Soon as we are - more or less - dry, we hurry on. 'That lazy man has eaten up our time,' Terron complains. No time to lose now, we have to step up. And up. God, it is all uphill and I hate that, puffing and panting till finally we reach a leafy stretch, a tunnel of big green leaves. It's great, I imagine myself in a jungle. 'Stop,' hisses Ntokoze. I freeze, he sounds dead serious. 'A green mamba, right in front of you.' What the hell's a green mamba, and where is it? I can't see it for the leaves on the ground. 'Just don't move!' He shoos it with a stick and it slithers away, turning its head, looking quite harmless really. 'Wow, almost stepped on a green mamba,' I joke feebly. Ntokoze grinns, but I can tell he was worried for a moment. Later I find out its venom is potentially fatal
The rest of our walk is less perilous, another river to cross, this time the skipper is there and we drift over the water in a haze of marijuana.

A short stop at Mdumbi; a drink, a bite to eat, and I am surprised at the warm welcome. That's what I like about the place and it is good to be back. I am sorry we have to push on, but, ja, it's getting late.
With Coffee Bay in sight, but still a long way by foot, Ntokoze suddenly side-steps into a shebeen.
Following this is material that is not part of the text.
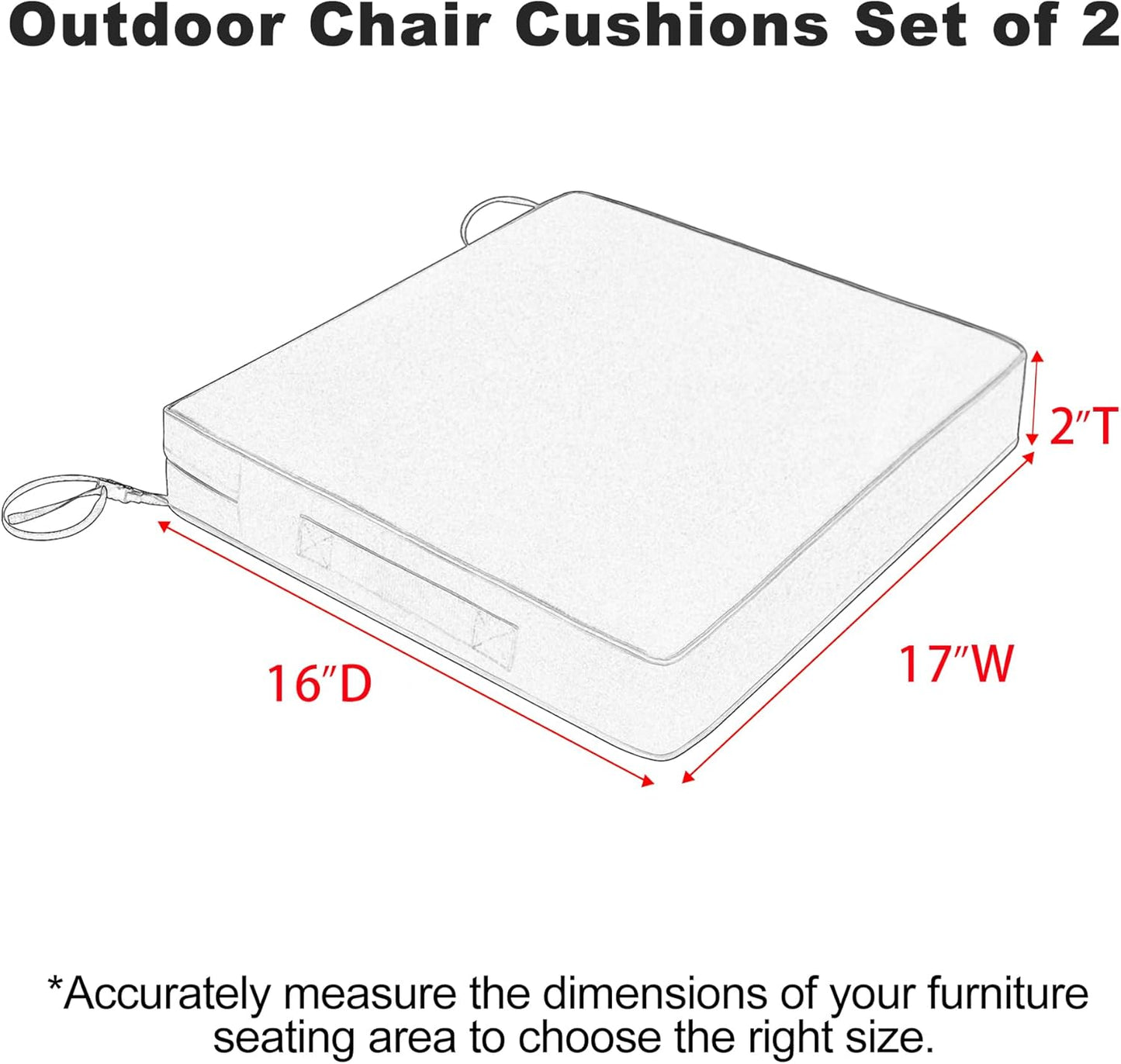 Favoyard Patio Chair Cushions 17 x 16 x 2 Inch Waterproof Outdoor Seat Cushions for Patio Furniture 3-Year Color Fastness Garden Sofa Couch Pads with Handle & Adjustable Straps Set of 2, Blue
Hold on - it will be dark soon and I can hardly take another step as it is. But he tells me it's all right, he will call his uncle and he'll come and collect us. Can he use my mobile? By all means, please do:)
But oh, that place, it is something else. Dingy and dark, rough and broody. Men sitting on upturned beer crates, playing cards, serious business - there's a quick exchange of glances when I stand at the door, waiting to see if I can to join them. A hardly perceptible nod and I am in. I sit back and watch, completely fascinated. The hierarchy is evident, the game played out in tension, and then, snap, the leader wins - to everyone's relief, I reckon, and it's laughter and drinks all around. Dirty little children wander in and out, shy, but curious about my presence. Chickens scuttling about, pecking at crumbs and bottle caps.
A place stripped of all niceties and pretence, where people have nothing to lose and nothing to dream of. I try not to romanticize what I find here; the bare minimum, the squalor, it is not pretty, not commendable, yet I love being here: no standards to live up to, no expectations to meet, nobody cares if you are good enough.
Ok, I am happy now, not in the least for knowing that the promised uncle is on his way. And there he is. We arrive at the Bomvu backpackers, Coffee Bay, after walking for nine hours solid! Not bad, hey? Terron rushes off, just in time to play a soccer match......oh, to be young again, I can feel every muscle in my body.
There will be a band playing the drums that night but I tumble into bed, a satisfied smile on my face, and sleep right through the whole racket.

Tomorrow on to Bulungula. Walking? No way, it's shuttles and stuff again. There I'll spend my last days on the Wild Coast.
So just a few more South Africa entries to go and that'll be the end of it.